After examining Oscar and talking with us, Dr. Crawford had some pro-active suggestions. First, he believes Oscar is ready for a sleep study. It is common for kids with SMA to hypoventilate in their sleep. The weak chest wall doesn’t allow strong enough exhales to release as much carbon dioxide from the lungs as a typical person can. While awake, many kids with SMA can just work a little harder to exhale. In sleep, the complete relaxation can cause hypoventilation. Oscar does wake frequently in the night, to ask for help in rolling over. There is a chance that this is caused by hypoventilation. A properly conducted sleep study will show whether or not that is the case. If Oscar is hypoventilating, then he will need to start using a BiPAP at night. This is a device that allows better flow of breath into and out of the lungs while sleeping, by wearing a mask that helps push air into his airway and allow for a full exhalation. Even if he is not hypoventilating, Dr. Crawford wants to consider the use of a BiPAP as a preventative measure, as it can help increase lung capacity and hold off some of the inevitable respiratory weakness caused by SMA.

In addition to the sleep study and possible BiPAP, Dr. Crawford wants to see Oscar back in six months to assess the progression of weakness in his spine and to consider the use of a TLSO (Thoracic Lumbo-Sacral Orthosis), also known as a body jacket, posture-corrector or back brace. Oscar suffers from kyphosis (curving forward of his spine), which in turn compromises his lung capacity and overall respiratory function. Oscar saw an orthopaedic doctor here in Rochester earlier this year who thought he did not yet need a TLSO. However, Dr. Crawford wants to keep a careful eye on Oscar’s spine and possibly prescribe a TLSO proactively. He said with SMA, he opts for these earlier than other doctors do, because changes in the spine can happen quickly and the TLSO can help preserve and even enhance what lung function and capability a young person with SMA has. So, in the coming months/year there may be some more big changes in store for us and for Oscar.
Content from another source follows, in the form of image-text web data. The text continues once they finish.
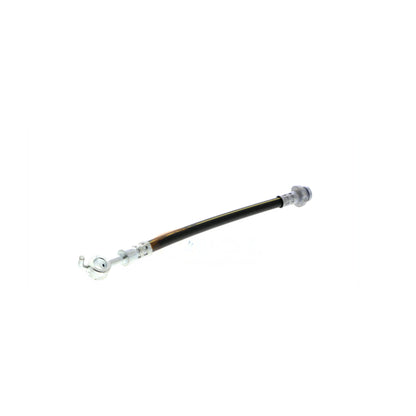 VAICO Brake Hose V46-1018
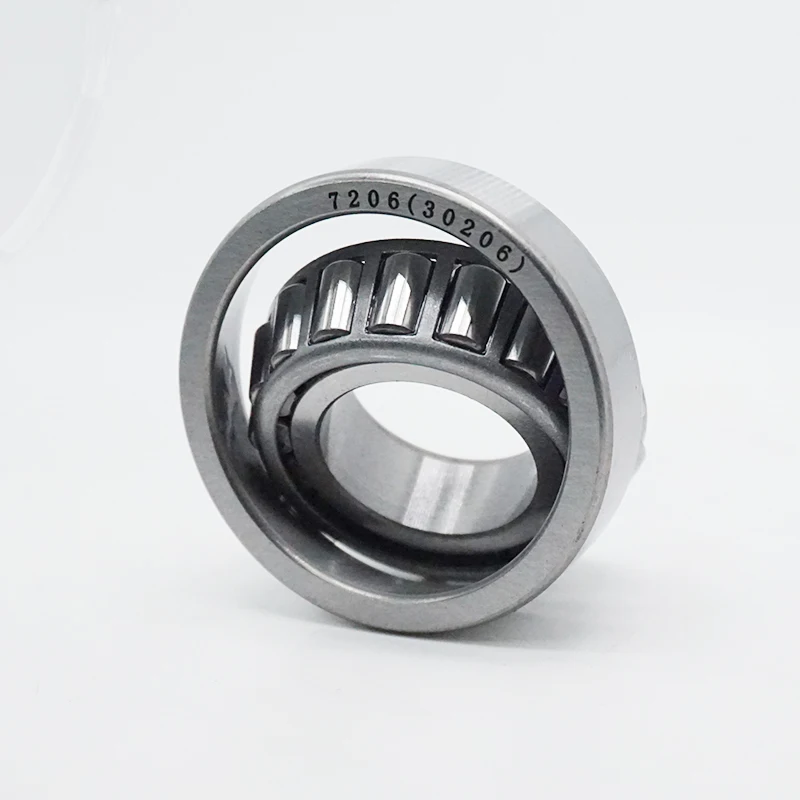 Inch taper roller bearings HM81649/HM81610 HM237545/10 HM237545/HM237510 LM11910/49 LM11910/LM11949 08125/08231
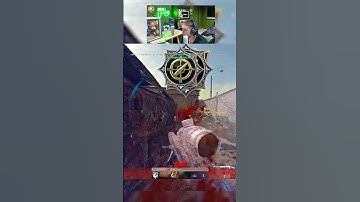 BROKEN *ONE SHOT* RECLAIMER 18 SNIPER SHOTGUN IS INSANE ON WARZONE! 😳 #warzone #callofduty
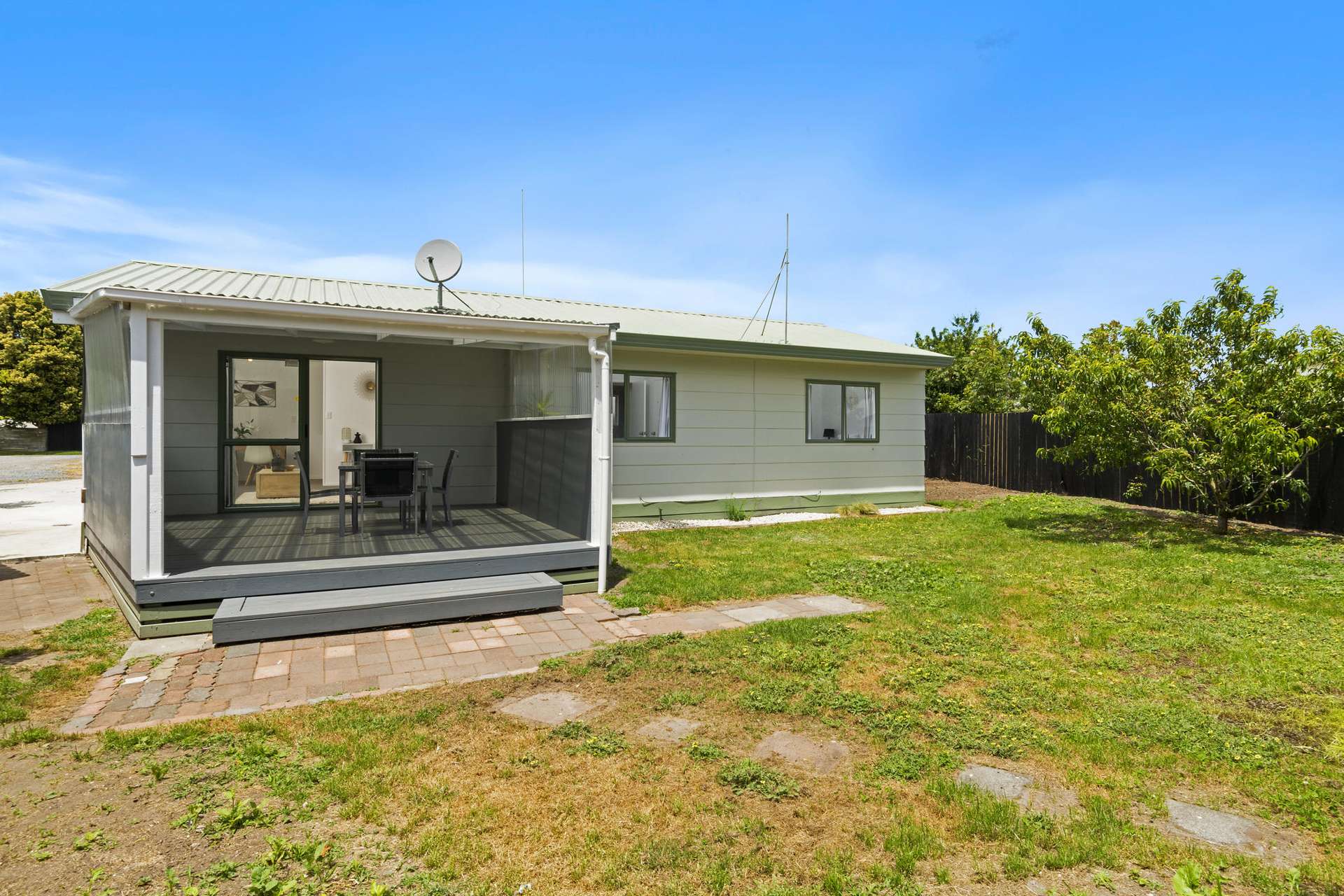 54b Hartford Avenue Papamoa_0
In many ways we were hoping Dr. Crawford would say we’re doing everything that can be done and there’s no need to change a thing. We were aware of sleep studies, the BiPAP machine, and the body jacket but we thought of all three of them as things that were in the distant future, nothing we needed to think about or really know about now. It was hard to hear that these interventions may be introduced soon. It brought right back up in our faces the reality of what SMA is: a progressive disease that requires a lot of medical attention to prevent rapid decline. It’s really hard to face that in relation to our little boy. Yet, if these interventions are going to prove helpful in the long run, we are grateful to be able to work with a doctor who is willing and able to take such a proactive approach. Dr. Crawford has worked with over 200 type 2 SMA patients in the last 25 years and has seen only three deaths. He was adamant that Oscar have a college fund, that Oscar will be going to college, that Oscar will need support in place one day to live without his parents taking care of his every need.

Despite the fact that the visit left us feeling, for several days, heavy, unsettled, and sad about looking SMA in its ugly face again, we are indeed thankful for the opportunity to have Oscar seen by one of the top SMA specialists in the country. We will continue to go back to Dr. Crawford, once or twice a year, as needed.

So, we soldier on, recalibrating our new normal once again. With each challenging opportunity to adapt to something new, we get better and better at navigating this life path.